Dataset excerpts
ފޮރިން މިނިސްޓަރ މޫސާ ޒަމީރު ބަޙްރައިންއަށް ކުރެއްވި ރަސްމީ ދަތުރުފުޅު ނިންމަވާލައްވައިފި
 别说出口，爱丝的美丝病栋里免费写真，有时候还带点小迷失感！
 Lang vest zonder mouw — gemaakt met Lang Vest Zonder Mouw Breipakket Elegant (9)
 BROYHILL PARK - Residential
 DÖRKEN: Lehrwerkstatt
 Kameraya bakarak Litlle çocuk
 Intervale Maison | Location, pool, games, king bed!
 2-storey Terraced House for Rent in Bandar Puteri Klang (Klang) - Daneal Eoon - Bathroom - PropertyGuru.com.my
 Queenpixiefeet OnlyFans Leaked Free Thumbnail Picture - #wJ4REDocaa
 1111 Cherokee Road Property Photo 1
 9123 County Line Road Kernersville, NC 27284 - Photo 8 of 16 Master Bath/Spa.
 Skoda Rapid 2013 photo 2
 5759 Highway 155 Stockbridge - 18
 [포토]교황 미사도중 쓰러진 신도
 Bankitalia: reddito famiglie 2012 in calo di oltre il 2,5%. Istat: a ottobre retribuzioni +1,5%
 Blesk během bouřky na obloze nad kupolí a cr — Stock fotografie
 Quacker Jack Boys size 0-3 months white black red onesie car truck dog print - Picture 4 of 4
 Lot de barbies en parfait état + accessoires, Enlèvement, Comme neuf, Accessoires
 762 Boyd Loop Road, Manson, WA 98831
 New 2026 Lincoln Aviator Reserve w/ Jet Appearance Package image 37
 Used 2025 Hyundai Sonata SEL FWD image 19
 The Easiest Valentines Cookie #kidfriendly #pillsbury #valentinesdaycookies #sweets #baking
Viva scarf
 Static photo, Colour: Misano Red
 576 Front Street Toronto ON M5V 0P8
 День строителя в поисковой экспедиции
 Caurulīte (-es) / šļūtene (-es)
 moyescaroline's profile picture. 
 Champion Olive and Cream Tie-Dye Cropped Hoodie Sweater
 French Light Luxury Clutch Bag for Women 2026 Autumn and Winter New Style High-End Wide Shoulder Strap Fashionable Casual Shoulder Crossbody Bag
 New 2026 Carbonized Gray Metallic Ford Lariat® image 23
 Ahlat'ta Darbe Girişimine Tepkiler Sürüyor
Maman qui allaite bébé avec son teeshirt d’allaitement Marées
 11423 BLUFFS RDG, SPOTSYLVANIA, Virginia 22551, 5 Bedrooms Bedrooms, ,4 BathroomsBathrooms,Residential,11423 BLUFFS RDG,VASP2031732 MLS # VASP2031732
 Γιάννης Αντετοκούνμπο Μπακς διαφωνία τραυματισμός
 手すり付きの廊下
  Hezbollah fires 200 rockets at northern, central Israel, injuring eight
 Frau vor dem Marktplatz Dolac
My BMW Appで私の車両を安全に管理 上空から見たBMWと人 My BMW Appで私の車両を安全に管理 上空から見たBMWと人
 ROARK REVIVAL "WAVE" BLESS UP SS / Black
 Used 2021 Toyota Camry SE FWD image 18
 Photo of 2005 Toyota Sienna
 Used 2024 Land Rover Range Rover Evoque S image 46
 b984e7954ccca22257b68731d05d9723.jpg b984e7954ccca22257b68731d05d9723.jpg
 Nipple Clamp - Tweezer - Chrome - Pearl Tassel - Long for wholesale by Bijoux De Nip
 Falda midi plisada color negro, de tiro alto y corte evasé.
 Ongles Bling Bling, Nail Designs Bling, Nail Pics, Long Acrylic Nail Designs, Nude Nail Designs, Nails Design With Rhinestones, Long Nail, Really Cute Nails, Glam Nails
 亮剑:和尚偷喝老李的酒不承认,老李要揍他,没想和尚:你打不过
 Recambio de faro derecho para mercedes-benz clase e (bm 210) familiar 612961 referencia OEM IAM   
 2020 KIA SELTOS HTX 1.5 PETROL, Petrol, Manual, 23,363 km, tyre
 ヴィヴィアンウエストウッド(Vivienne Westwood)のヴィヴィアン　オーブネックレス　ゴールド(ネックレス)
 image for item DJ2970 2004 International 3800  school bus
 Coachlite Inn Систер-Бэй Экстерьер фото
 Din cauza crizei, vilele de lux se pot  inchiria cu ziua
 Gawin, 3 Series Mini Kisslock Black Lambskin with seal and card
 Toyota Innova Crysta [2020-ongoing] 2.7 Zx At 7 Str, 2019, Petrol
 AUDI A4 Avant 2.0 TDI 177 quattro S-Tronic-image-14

*TASK:* The answer should consist only of the number of lines above in which "Petrol" appears.

*COMPLETED EXERCISE:* 2